Oggi viviamo in un’epoca dove tutto è istantaneo.

Con un clic o un tocco su uno schermo possiamo accedere a tutto ciò di cui abbiamo bisogno: ordinare la nostra cena, ascoltare la nostra musica preferita, leggere le ultime notizie. Fino a 25 anni fa, la stampa era l’unico modo per seguire gli avvenimenti o ispirarsi sulle tendenze del momento. Questa è storia.

A livello globale, solo in Giappone oggi i consumatori dedicano più tempo alle forme tradizionali piuttosto che digitali dei media. La direzione è chiara: gli utenti di Internet trascorrono sempre più tempo sui media digitali.

Ma come sta avvenendo questa trasformazione? Ed è davvero vantaggiosa per tutti?

La trasformazione digitale dell’editoria non è compiuta

Siamo nella prima fase dello stesso cambiamento che l’industria musicale ha vissuto alcuni anni fa. Con una differenza enorme: il mercato globale delle riviste è quattro volte più grande dell’industria musicale. Si tratta sicuramente di una grande opportunità per le case editrici e per i giornalisti, che possono diffondere i loro contenuti e far crescere il loro business in maniera molto rapida. E i consumatori non vogliono altro che accessibilità e velocità.

Immaginate di poter accedere all’universo delle riviste in un unico luogo, con un solo account… e voilà siete dentro! Allo stesso modo, è possibile sfogliare ed esplorare nuove tracce o ascoltare la vostra canzone preferita su Spotify. Alcuni musicisti dell’industria musicale erano scettici all’inizio, ma quando gli utenti hanno sperimentato quanto fosse facile e immediato, hanno capito che era meglio stare dentro, piuttosto che fuori.

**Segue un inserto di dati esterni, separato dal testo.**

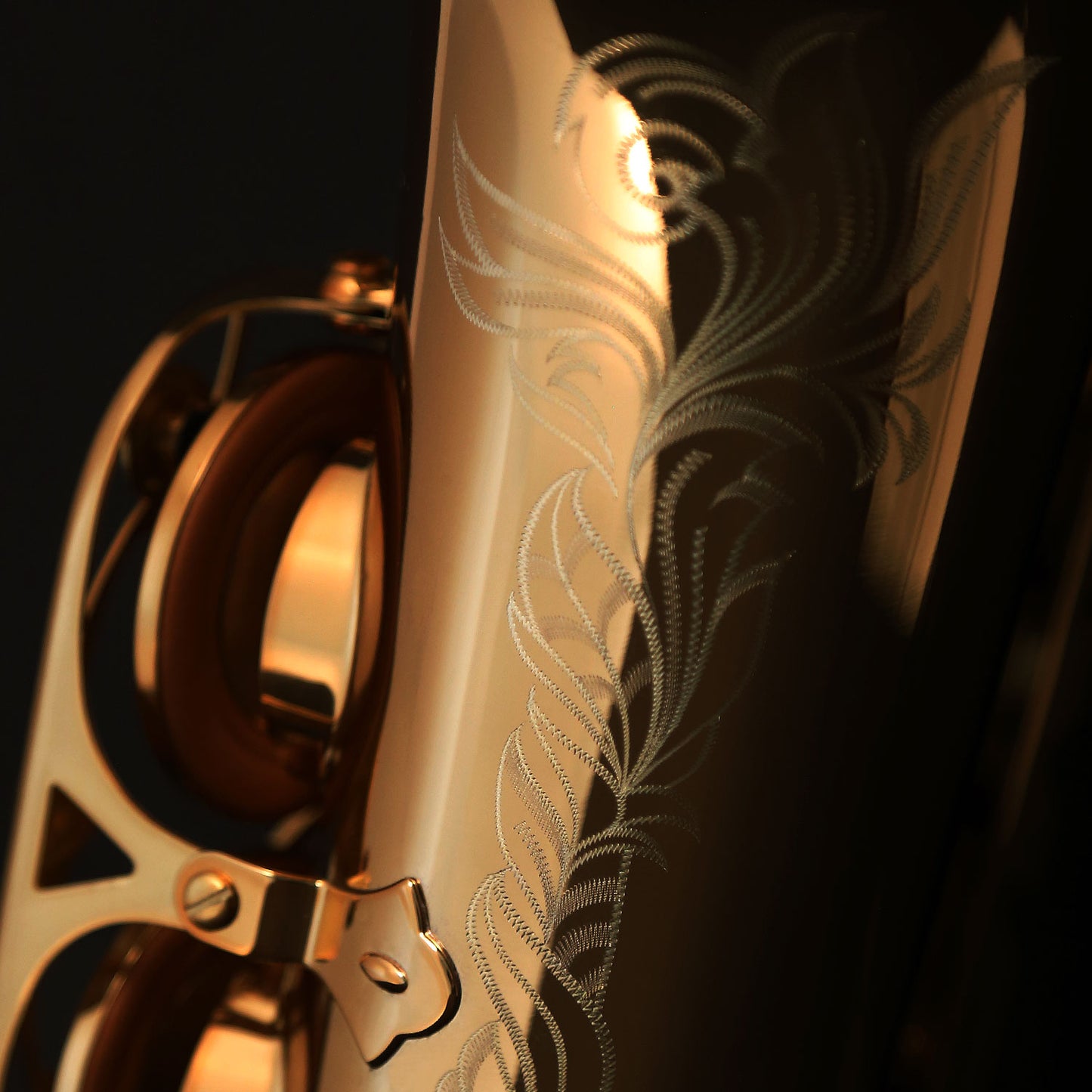 Cannonball A4-L Big Bell alto saxophone hand engraving detail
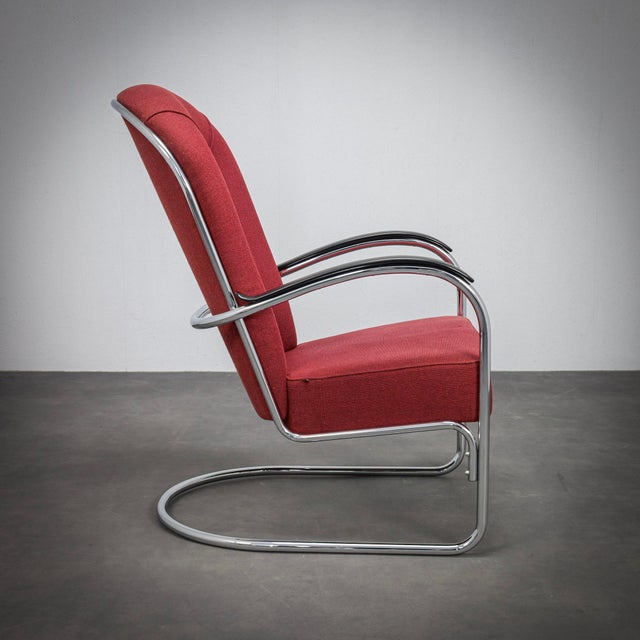 An iconic bauhaus lounge chair originally designed by w.h. Gispen in 1937 and produced by dutch originals. Model aa is...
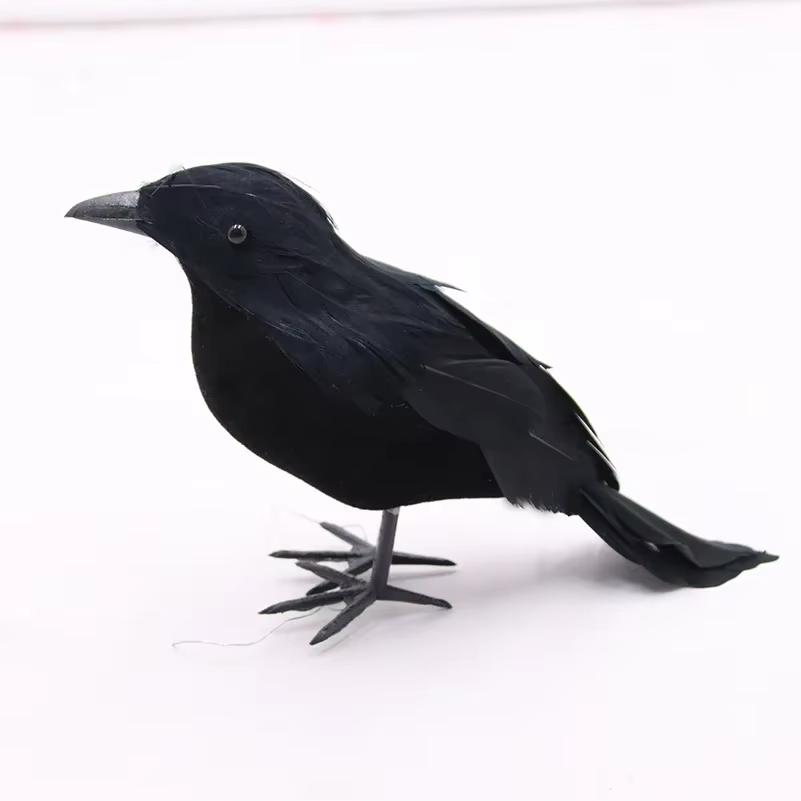 Realistic Handmade Black Feather Crow Decoration Halloween Raven Prop for Outdoor And Indoor Decor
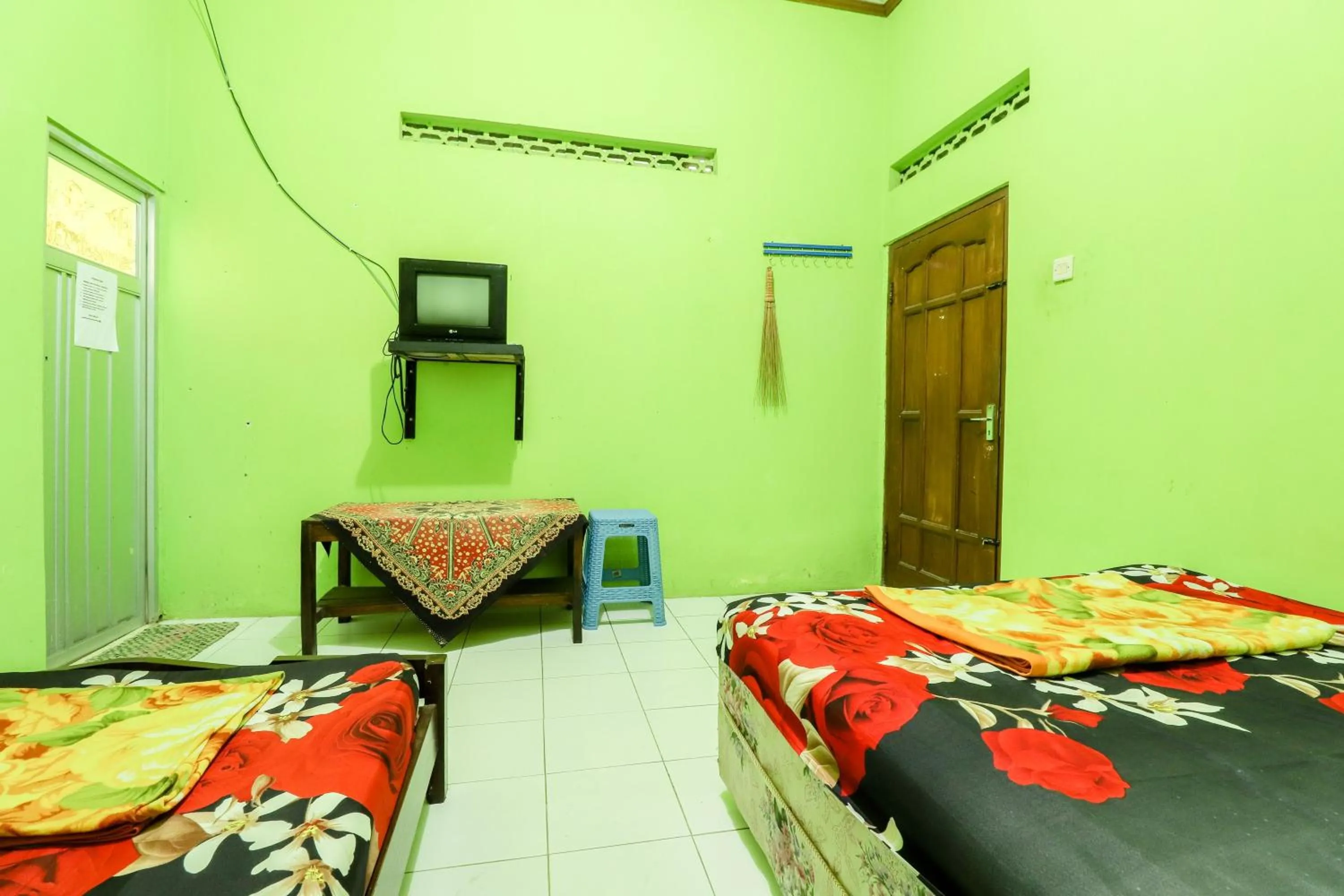 Bedroom, Bed in Penginapan Roro Mendut Syariah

Allo stesso modo, gli editori traggono vantaggio dall’offrire i loro contenuti da un unico punto di accesso, rendendo più immediata la lettura ai consumatori. Molti attori hanno capito il valore di questo.

E’ per questo che sono prima nati servizi come Amazon Kindle Newsstand e Zinio che permettono di abbonarsi a riviste digitali, e poi sono arrivati servizi come Readly o Apple News+, che permettono ai lettori di accedere a centinaia di riviste con un unico abbonamento.

Il valore per i lettori e per gli editori

L’obiettivo di tutti questi servizi è aumentare il fatturato degli editori adattando l’editoria alle modalità d’uso di oggi.

Apple l’ha promosso bene, ma il suo servizio ancora non è disponibile in Italia. Readly è invece già attivo in Italia.

I  dati di Readly mostrano che i consumatori scoprono e leggono più riviste nella app che nel mondo della stampa tradizionale, potendo trovare più riviste che forniscono contenuti coinvolgenti e giornalismo di qualità nell’ambito delle loro passioni. Riviste che potrebbero non considerare mai di acquistare in negozio vengono lette grazie alla loro presenza su Readly, dove gli utenti  leggono in media otto ore al mese, il doppio del tempo medio impiegato per leggere le edizioni cartacee.

A differenza di Apple News+, che raccoglie tutte le informazioni rilevanti e non le condivide con gli editori, Readly fornisce dati di uso attraverso la sua piattaforma tecnologica. Sappiamo tutti che i dati – opportunamente aggregati e trattati – sono la nuova valuta quando si creano relazioni a lungo termine con il cliente e si offrono esperienze su misura. Le case editrici possono così creare contenuti ancora più pertinenti, di alta qualità ed emozionanti per la persona giusta al momento giusto, aumentando il numero di lettori e rafforzando i brand delle proprie riviste.

Con la distribuzione digitale delle riviste, inoltre, i costi per la produzione di contenuti coinvolgenti, interessanti e di qualità sono destinati a diminuire, poiché queste verranno lette da più persone “in target” per quegli stessi contenuti.

Per gli editori, il mercato delle riviste digitali equivale a più lettori su più titoli e conoscenze approfondite sul proprio pubblico, che supportano la crescita del business. Per i lettori, accedere alle riviste digitali significa avere a disposizione più contenuti coinvolgenti e di valore.